セオドリク様はそう言って、少し彼女を憐れむように瞳を伏せた。


 私は彼のその態度を意外に感じた。


 彼はアルテーシア様とエリスを失った。


 愛する人と妹をイヴァンナに殺されたのだ。


 今更彼女が謝罪の言葉を述べたところで何だと言うのか……。


 それなのに何故そんな顔をする……。


 私はそんな彼に憤りさえ感じた。


 今更彼女が何をしても、何を言っても、私にとってイヴァンナが憎むべき存在である事に変わりは無かった。


 王都に到着したシルベールとイヴァンナは処刑を待つまでの間、別々の牢へと入れられた。


 それもまた、セオドリク様の配慮だった。


 それから暫くして、私はイヴァンナが私と会いたがっていると言う知らせを受けた。どの面を下げてと憤ったが、彼女はこのあと処刑される身だ。それと同時にセオドリク様の彼女への態度が気になっていた私は、悩んだ挙句、最後の花向けとして彼女に会う事に決めた。

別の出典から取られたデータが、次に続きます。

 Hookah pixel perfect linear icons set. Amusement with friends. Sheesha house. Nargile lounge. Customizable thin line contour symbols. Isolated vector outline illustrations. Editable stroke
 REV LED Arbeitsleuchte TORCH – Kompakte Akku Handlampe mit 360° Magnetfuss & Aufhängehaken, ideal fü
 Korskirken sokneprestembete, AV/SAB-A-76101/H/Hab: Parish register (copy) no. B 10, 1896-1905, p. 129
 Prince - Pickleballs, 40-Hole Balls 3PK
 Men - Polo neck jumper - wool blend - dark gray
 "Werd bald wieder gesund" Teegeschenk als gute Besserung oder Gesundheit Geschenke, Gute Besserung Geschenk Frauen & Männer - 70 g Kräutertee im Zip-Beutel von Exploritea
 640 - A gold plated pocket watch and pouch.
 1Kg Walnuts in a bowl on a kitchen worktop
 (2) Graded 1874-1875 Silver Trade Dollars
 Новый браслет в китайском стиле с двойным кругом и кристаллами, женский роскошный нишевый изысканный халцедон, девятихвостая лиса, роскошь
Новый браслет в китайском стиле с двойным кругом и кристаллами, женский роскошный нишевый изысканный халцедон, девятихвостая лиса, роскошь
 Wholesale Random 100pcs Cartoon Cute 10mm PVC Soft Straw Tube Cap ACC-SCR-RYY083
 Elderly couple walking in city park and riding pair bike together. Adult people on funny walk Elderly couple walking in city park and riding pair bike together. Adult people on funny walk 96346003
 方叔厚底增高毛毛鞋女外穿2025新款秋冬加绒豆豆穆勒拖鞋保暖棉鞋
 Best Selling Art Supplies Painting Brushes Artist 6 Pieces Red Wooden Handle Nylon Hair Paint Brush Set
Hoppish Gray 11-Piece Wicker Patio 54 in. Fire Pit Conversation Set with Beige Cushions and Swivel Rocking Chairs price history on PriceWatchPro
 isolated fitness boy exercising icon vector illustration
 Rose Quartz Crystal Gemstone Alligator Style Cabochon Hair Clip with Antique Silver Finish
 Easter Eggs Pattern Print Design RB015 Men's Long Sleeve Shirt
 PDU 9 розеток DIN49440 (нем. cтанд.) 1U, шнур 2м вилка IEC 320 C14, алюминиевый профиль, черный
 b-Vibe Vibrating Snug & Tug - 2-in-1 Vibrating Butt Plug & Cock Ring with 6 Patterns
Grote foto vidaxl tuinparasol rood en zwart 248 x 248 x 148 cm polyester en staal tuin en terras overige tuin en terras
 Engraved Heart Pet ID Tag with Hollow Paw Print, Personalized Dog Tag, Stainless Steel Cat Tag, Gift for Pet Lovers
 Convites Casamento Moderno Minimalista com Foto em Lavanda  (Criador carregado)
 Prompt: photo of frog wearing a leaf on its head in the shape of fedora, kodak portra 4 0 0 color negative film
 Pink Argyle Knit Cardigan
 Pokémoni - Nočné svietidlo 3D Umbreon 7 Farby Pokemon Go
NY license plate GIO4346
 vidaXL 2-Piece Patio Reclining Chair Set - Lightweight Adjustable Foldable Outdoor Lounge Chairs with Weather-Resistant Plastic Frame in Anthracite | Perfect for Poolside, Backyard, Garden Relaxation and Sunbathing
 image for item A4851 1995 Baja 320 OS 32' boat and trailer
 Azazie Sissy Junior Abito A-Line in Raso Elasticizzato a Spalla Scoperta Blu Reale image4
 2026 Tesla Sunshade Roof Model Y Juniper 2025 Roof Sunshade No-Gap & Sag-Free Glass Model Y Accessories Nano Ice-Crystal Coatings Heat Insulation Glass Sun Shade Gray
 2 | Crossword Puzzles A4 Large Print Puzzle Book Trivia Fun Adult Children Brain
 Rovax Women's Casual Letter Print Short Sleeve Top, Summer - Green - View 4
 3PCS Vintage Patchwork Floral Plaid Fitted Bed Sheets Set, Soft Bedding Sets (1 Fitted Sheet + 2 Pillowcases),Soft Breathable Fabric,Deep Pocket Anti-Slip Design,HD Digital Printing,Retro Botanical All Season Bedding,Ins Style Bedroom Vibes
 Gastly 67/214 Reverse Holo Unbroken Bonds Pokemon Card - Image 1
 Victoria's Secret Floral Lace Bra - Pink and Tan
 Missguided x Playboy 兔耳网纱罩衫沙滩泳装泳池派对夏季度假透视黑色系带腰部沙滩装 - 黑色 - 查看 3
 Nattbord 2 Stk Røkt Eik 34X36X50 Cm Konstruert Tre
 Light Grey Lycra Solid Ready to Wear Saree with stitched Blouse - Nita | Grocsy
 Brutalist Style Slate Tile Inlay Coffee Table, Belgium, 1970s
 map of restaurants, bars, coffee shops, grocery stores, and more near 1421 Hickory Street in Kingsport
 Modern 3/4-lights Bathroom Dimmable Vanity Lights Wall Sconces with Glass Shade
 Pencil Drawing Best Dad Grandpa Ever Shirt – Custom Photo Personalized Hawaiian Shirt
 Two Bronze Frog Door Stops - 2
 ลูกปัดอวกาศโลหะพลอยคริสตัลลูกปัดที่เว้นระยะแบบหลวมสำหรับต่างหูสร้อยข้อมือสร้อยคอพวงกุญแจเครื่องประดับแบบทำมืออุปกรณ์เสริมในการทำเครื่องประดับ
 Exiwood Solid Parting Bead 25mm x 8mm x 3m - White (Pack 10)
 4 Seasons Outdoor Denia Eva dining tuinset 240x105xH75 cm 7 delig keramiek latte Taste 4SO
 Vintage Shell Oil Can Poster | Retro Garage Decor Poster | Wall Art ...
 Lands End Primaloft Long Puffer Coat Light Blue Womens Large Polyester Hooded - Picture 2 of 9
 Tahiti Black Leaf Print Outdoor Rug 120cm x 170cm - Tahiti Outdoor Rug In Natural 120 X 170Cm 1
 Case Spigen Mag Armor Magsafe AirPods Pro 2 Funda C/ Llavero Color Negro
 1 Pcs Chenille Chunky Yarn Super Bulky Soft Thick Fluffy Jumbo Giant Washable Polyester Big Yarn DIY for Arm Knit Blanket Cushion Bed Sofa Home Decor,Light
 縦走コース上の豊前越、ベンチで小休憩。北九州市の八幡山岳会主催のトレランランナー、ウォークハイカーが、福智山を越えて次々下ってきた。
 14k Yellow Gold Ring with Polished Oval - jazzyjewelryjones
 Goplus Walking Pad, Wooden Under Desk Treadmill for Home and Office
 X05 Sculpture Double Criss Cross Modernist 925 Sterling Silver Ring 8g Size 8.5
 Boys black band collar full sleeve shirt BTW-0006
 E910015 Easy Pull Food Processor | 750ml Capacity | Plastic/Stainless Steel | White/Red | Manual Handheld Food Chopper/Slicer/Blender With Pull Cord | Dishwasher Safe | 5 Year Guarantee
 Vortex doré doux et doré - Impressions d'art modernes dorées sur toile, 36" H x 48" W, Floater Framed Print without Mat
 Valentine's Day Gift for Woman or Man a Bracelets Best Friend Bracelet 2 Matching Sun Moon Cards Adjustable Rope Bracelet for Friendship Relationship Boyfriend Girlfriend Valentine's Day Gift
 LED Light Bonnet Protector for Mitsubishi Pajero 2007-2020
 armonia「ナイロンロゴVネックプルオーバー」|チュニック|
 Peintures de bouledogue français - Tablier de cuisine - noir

 私が彼女に会う為にと案内されたのは地下牢だった。重罪を犯した者が処刑を待つ為に作られたその場所は、地下である為に薄暗く、当然の事だが明かり取りの窓もない。ただ蝋燭の炎だけがぼんやりとその場を照らしていた。


 ほんの少しの間居るだけで、息が詰まりそうになるほどカビの匂いが漂うその場所にイヴァンナはいた。彼女は居住まいを正し、瞳を閉じて、何かに祈る様な仕草をしている。そして入って来た私に気付くと、瞳を開き此方に向き直り、床に手を付いて深々と頭を下げた。


「お会いして頂けたことに感謝申し上げます」


 彼女はそのままの姿勢でそう口にすると、軈て頭を上げ、私の方を真っ直ぐに見た。


 私もそんな彼女を鋭い目で見据えた。


 何時も綺麗に結い上げられていた髪は、梳かれることさえなく乱れ、粗末な囚人服を身に纏っているイヴァンナのその姿は、少し前まで王宮内で権勢を誇った彼女の姿とはかけ離れており、哀れみさえ感じられた。


「それで? 私に会いたいと言ったそうだな。どんな要件だ? 手短に話せ!」


 私が命じると、彼女は視線を床に落とした。


「実は命乞いをしたいと思いまして……」


 私は彼女のその言葉を聞いて、体の中に怒りが沸々と湧き上がって来るのを感じた。


「何? 命乞いだと⁉」


 明らかに怒っているのだと、そう感情を言葉に乗せて問いかけた私に、彼女は臆する事なく「はい。命乞いです」ともう一度、言葉に出して頷いた。


「は! 真摯に反省していると聞いて此処まで来たが、どうやら勘違いだったようだな。お前には罪を償おうと言う気はないのか!」


 私が声を荒げるとイヴァンナは落とした視線を再び上げ、もう1度私を真っ直ぐに見た。


「償う? ではこの国は私とジュリアスにどんな償いをしてくれるのですか?」


「ジュリアス?」


 私はイヴァンナの言葉の中に、ジュリアスの名が出て来た事に困惑した。


「その表情……。やはりそうなのですね? 貴方は全てが終わった後、彼の命も人知れず奪うつもりでいる。そうなのでしょう?」


 今度はイヴァンナの言葉に怒りが含まれる。私は牢の中にいる圧倒的な弱者であるはずの彼女に追い詰められている様な……そんな錯覚に襲われた。


 そしてこの時私は気づいた。彼女が命乞いしたいのは自分では無く、ジュリアスなのだと。


「セオドリク様は仰いました。()()()ジュリアスの命まで奪うつもりはないと。その時は何も思いませんでした。でも、この牢で過ごすうちに、彼の言葉が無性に気になり始めたのです。我が国は……。ではロマーナはどうなのかと。彼はこうも言いました。その資格のない者が王であった事が知れれば、王家の正当性が失われてしまうと。ずっとその言葉が気になっていました。そうしてもしやと気付いたのです。この国は不都合な事実を隠蔽する為に、ジュリアスの命まで奪おうとしているのでは無いかと。違いますか⁉」


 彼女は鋭い視線を向け、私をそう問い質した。


「………」


 私は彼女のその怒りに触れ、何も言葉を発する事が出来なかった。


 それが事実だったからだ。


「やはりそうなのですね。自分達にとって都合の悪い人間を秘密裏に殺す。貴方達のしようとしている事は、シルベールや私のした事と何が違うと言うのですか⁉」


 彼女はそんな私を更に詰った。